> **WHAT THE EXERCISE ASKS**: The expected response is the full listing, retyped exactly, without its images.

======== ENTRIES SUPPLIED

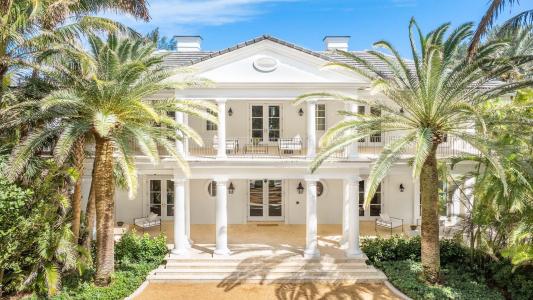 2315 S Ocean Boulevard, Palm Beach, Florida 33480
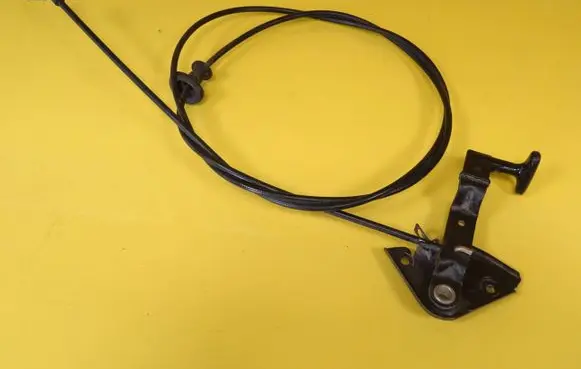 Audi A4 S4 B5 8D Engine bonnet/hood lock release cable 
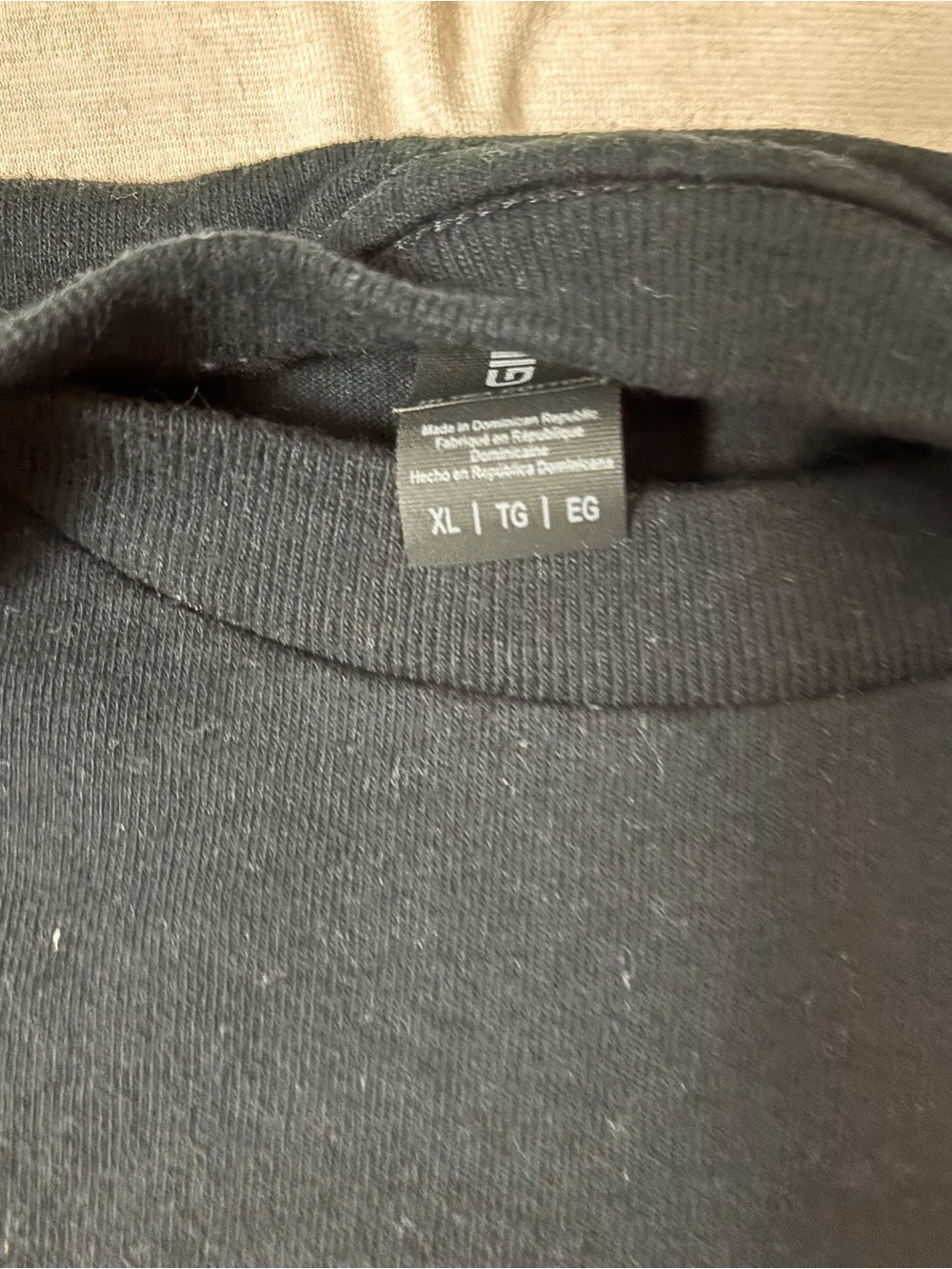 🎉 (Men’s XL) The Stanley Hotel "Spirited Since 1909" Redrum Graphic Tee - Picture 4 of 4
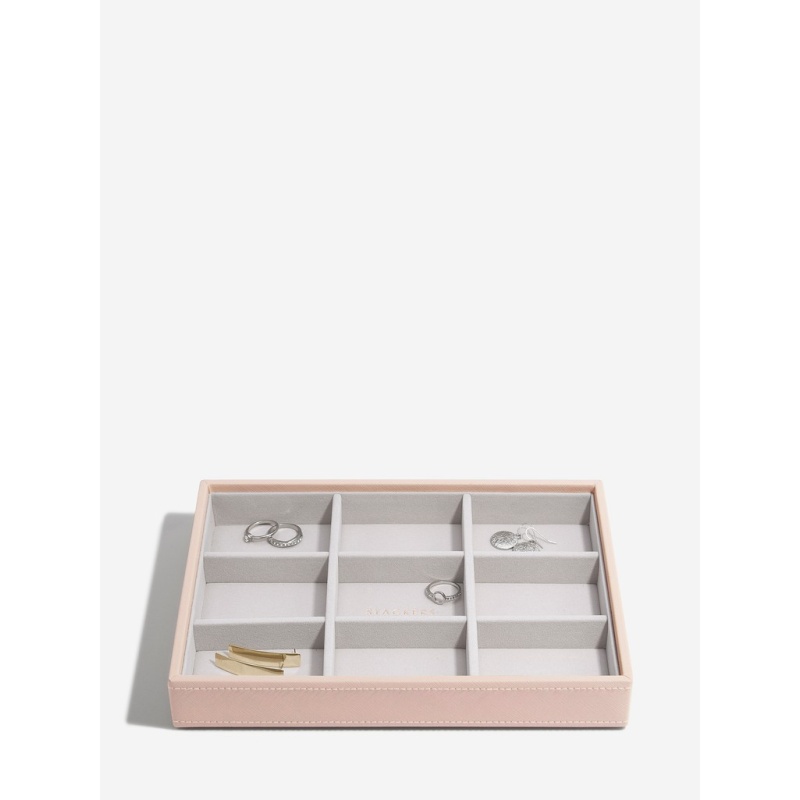 Stackers Pink Classic Statement Layer - Blush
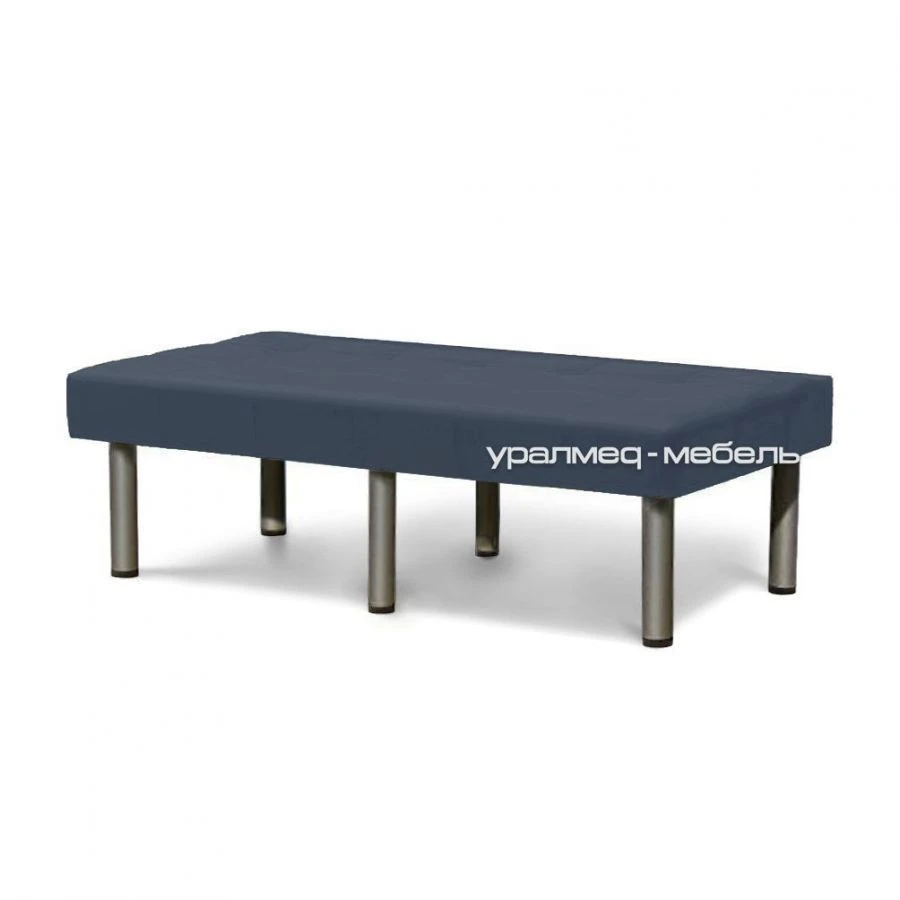 Three-Seat Bench BO-5/3 for Medical Facilities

================

> **ANSWER BELOW**:
 2315 S Ocean Boulevard, Palm Beach, Florida 33480
 Audi A4 S4 B5 8D Engine bonnet/hood lock release cable 
 🎉 (Men’s XL) The Stanley Hotel "Spirited Since 1909" Redrum Graphic Tee - Picture 4 of 4
 Stackers Pink Classic Statement Layer - Blush
 Three-Seat Bench BO-5/3 for Medical Facilities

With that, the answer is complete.